● What is being asked:
I need the lines from the one holding "à vendre dar" to the last line of the data below repeated exactly, both included, without pictures.

● Records to process:
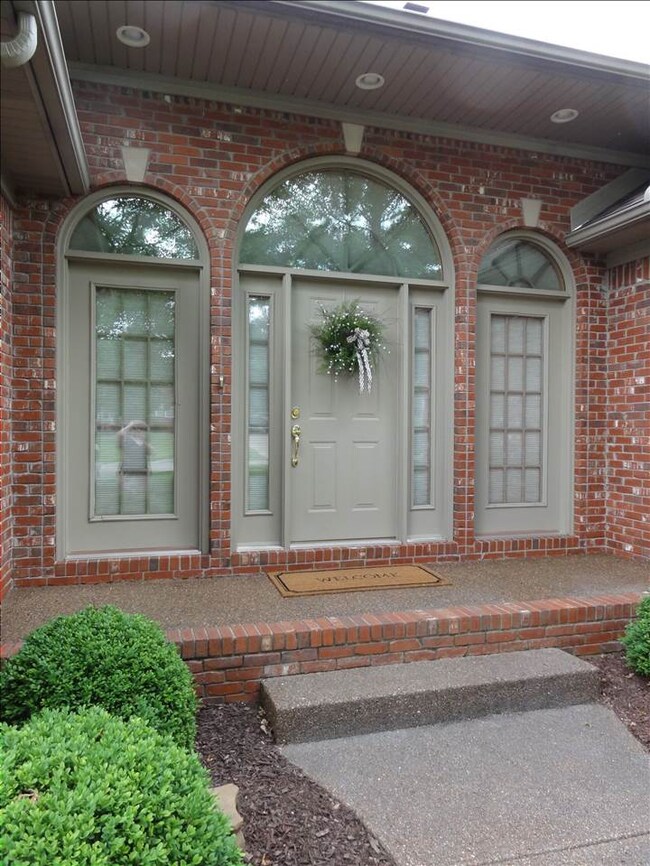 Arched windows on each side of the traditional fro
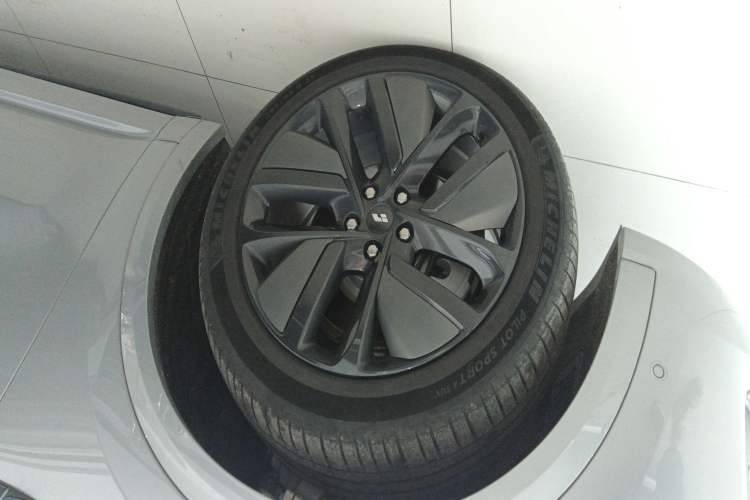 Used Li Auto L9 2024 PRO Model
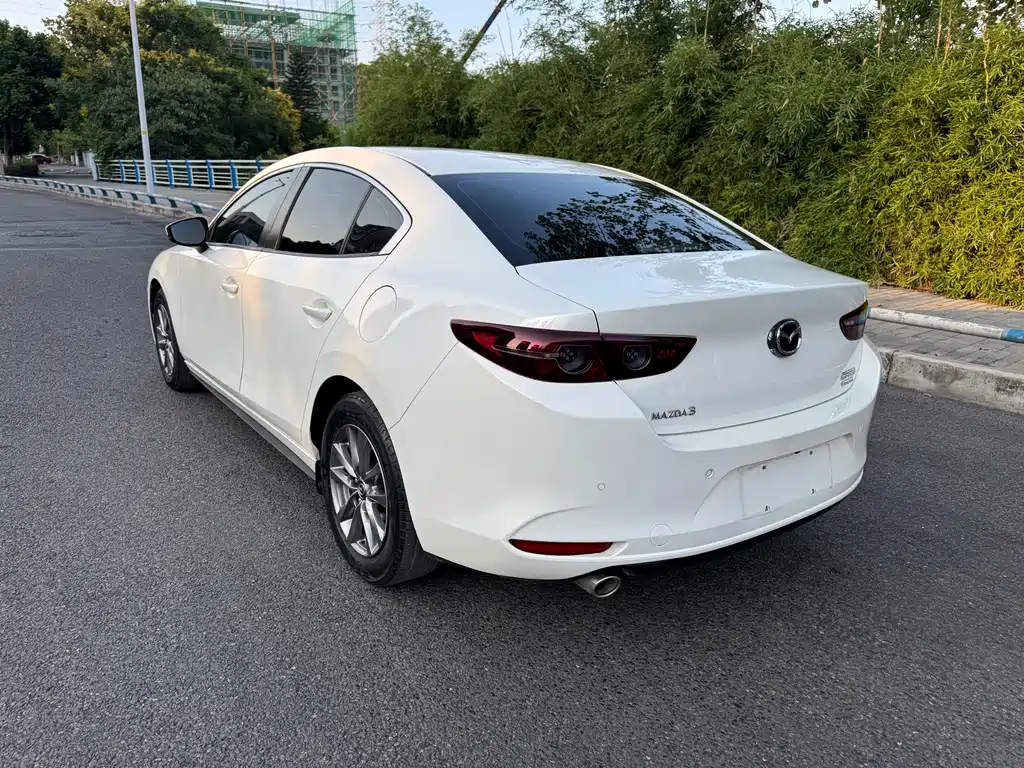 Mazda 3 Axela — миниатюра 7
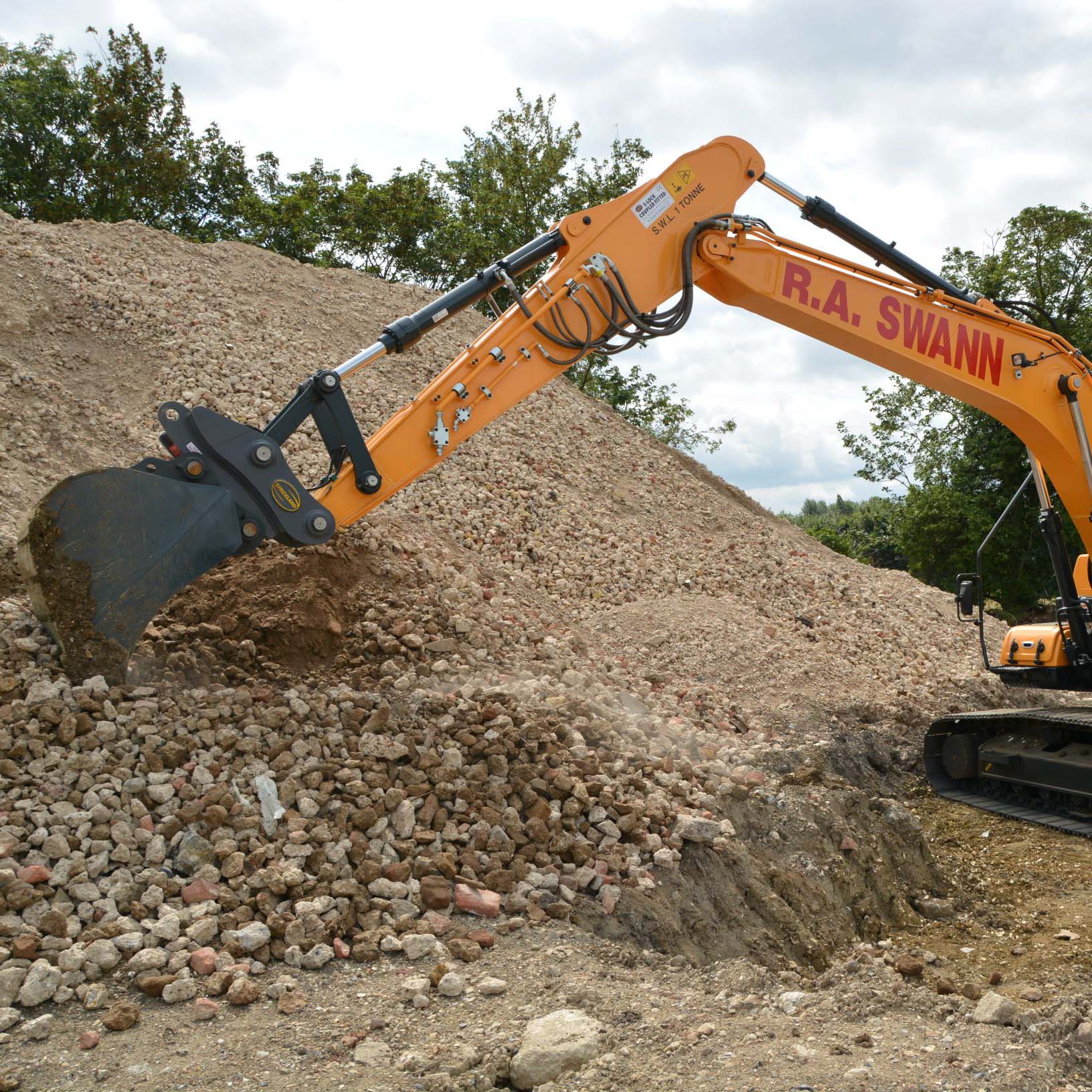 hyundai hx160l ra swann digging in the field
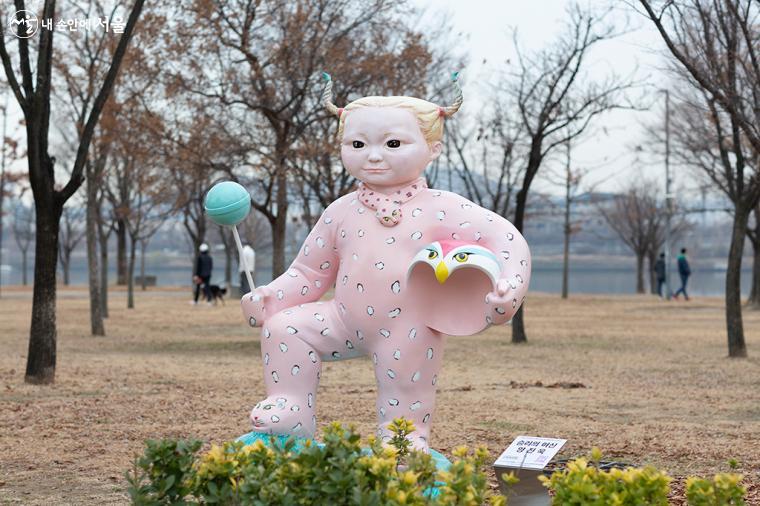 양진욱 작가의 '승리의 여신' 작품 ⓒ문청야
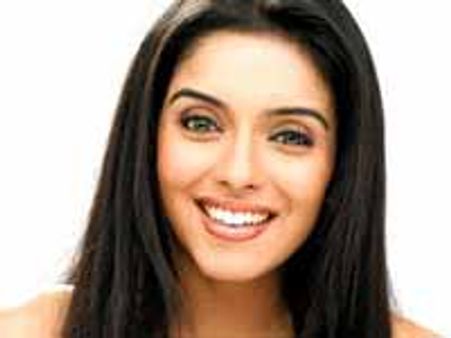 असिन ने करवाई सर्जरी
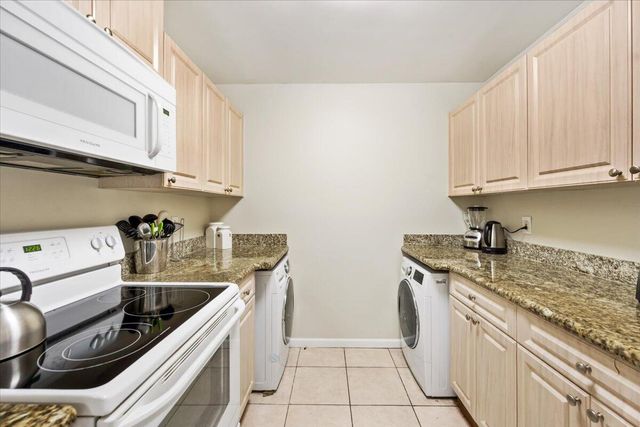 2060 Greenview Shores Boulevard 308, Wellington, FL 33414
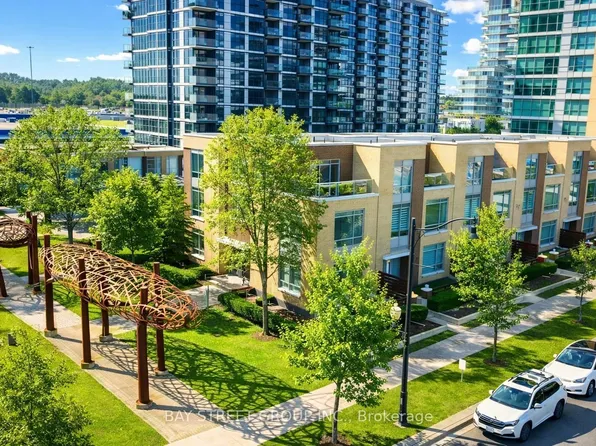 25 Singer Ct #Townhouse 07, Toronto, ON M2K 0B5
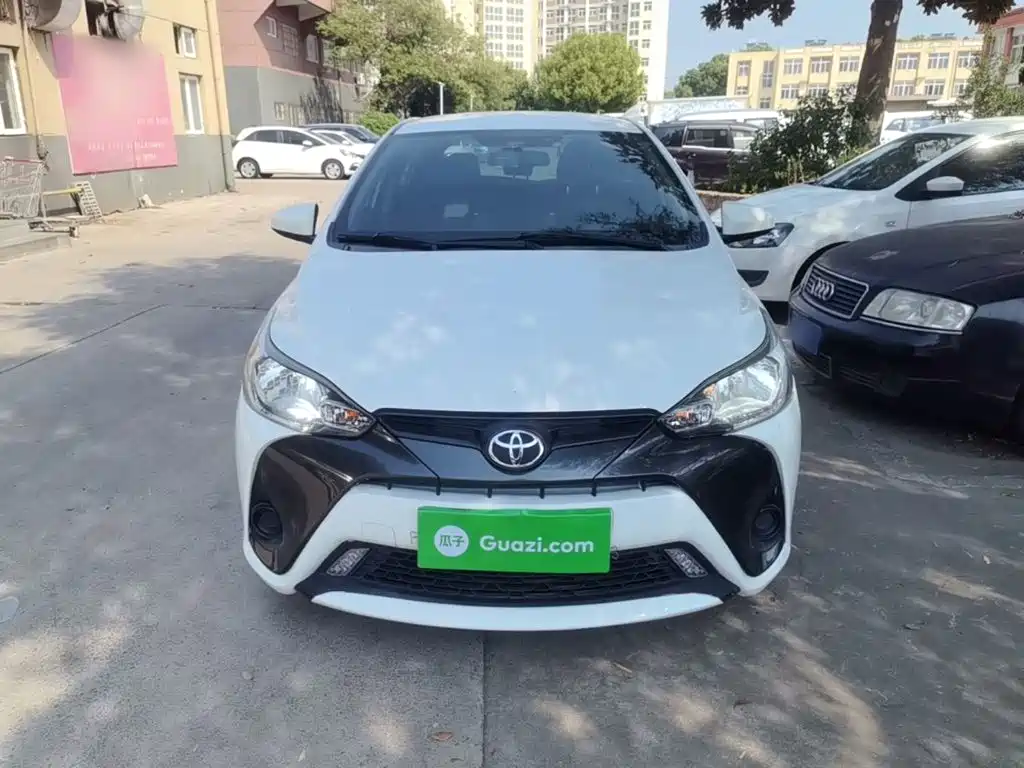 Toyota Yaris L — миниатюра 3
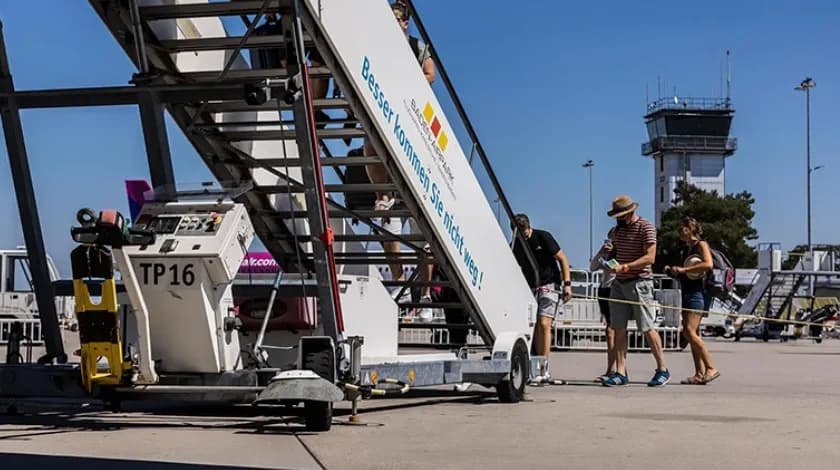 Baden-Airpark setzt auf elektrische Bodenstromversorgung: 10 neue e-GPUs am FKB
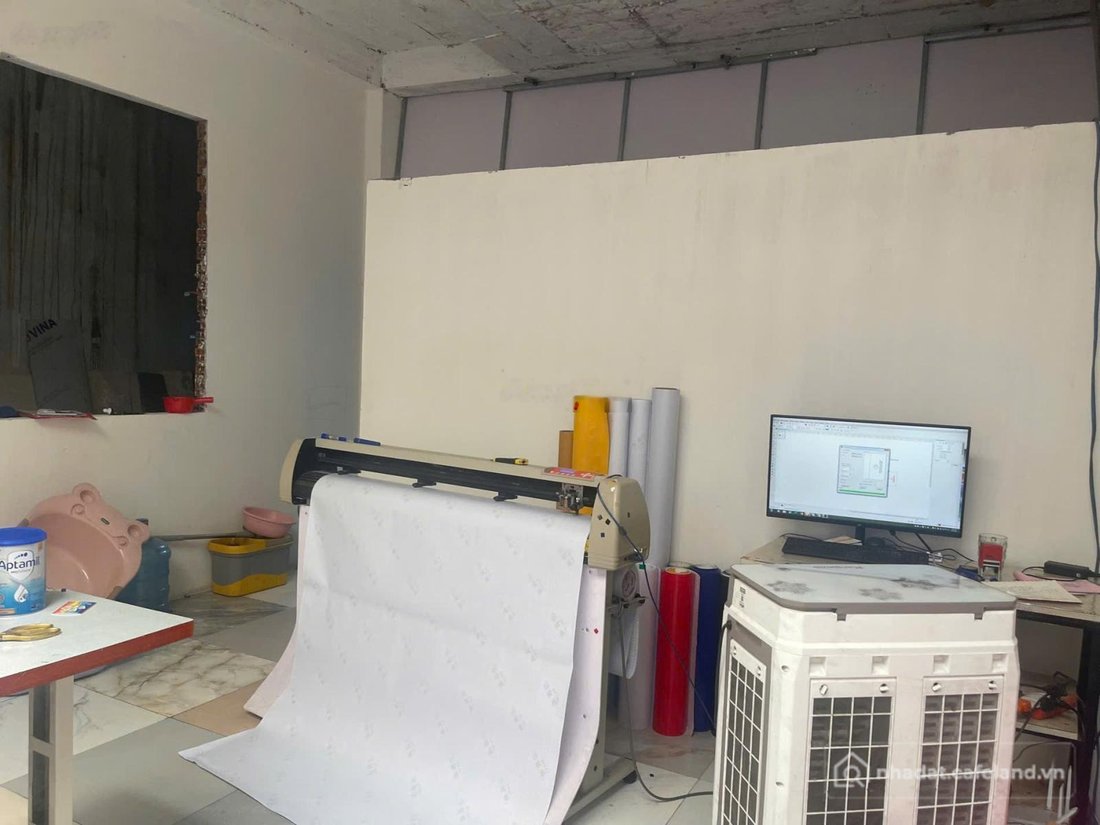 Bán nhà riêng: Mặt tiền Tân Sơn đối diện sân Golf Tân Sơn Nhất - Nhà cấp 4 DT hi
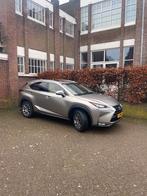 Lexus NX 300H 2.5 E-cvt AWD 2015 Grijs, Auto's, Lexus, Automaat, Stoelverwarming, 1760 kg, SUV of Terreinwagen
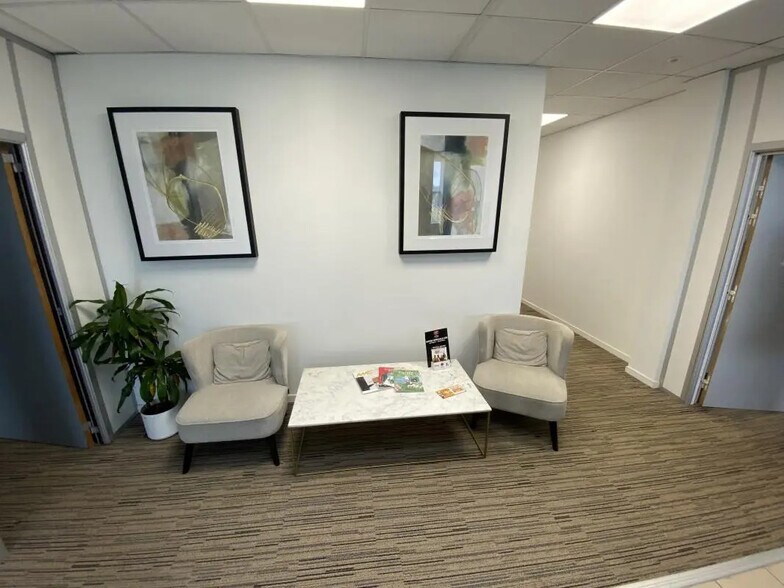 Bureau dans Lambersart à louer - Photo de l’immeuble – Image 2 sur 7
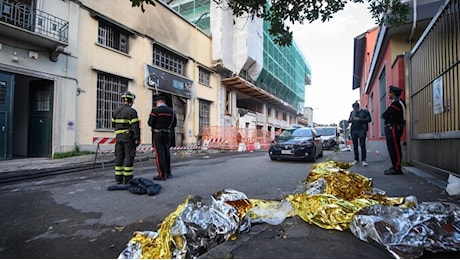 Le fiamme dal tetto, un uomo in fuga (ripreso dalle telecamere): le prime verità sull'incendio che ha ucciso tre ragazzi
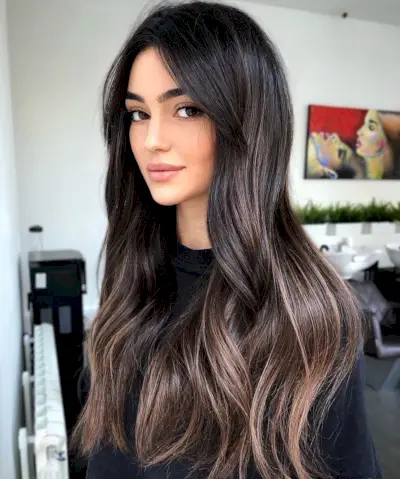 Subtle highlights for a dark mane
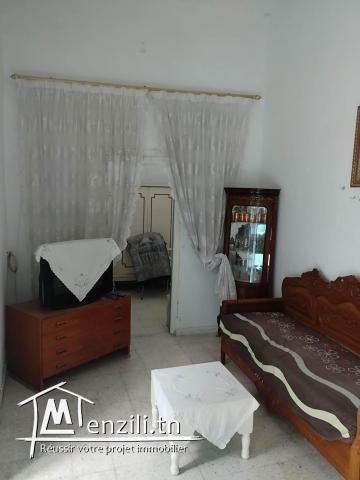 à vendre dar 3arbi fi beb mnara sur un terrain de 250 m2 fiha 9 chambres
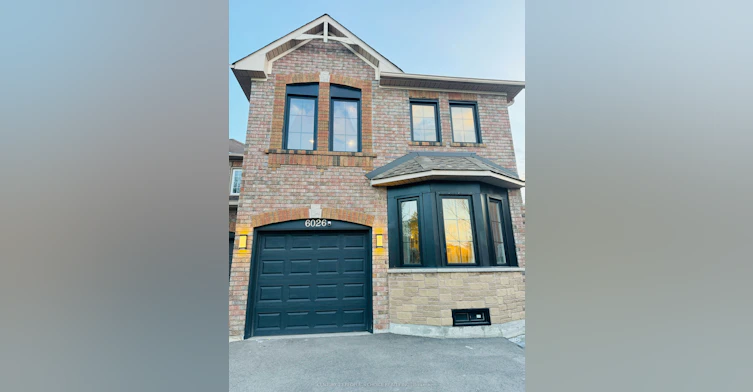 6026 Clover Ridge Crescent, Mississauga, ON, L5N 7B4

● Solution below:
 à vendre dar 3arbi fi beb mnara sur un terrain de 250 m2 fiha 9 chambres
 6026 Clover Ridge Crescent, Mississauga, ON, L5N 7B4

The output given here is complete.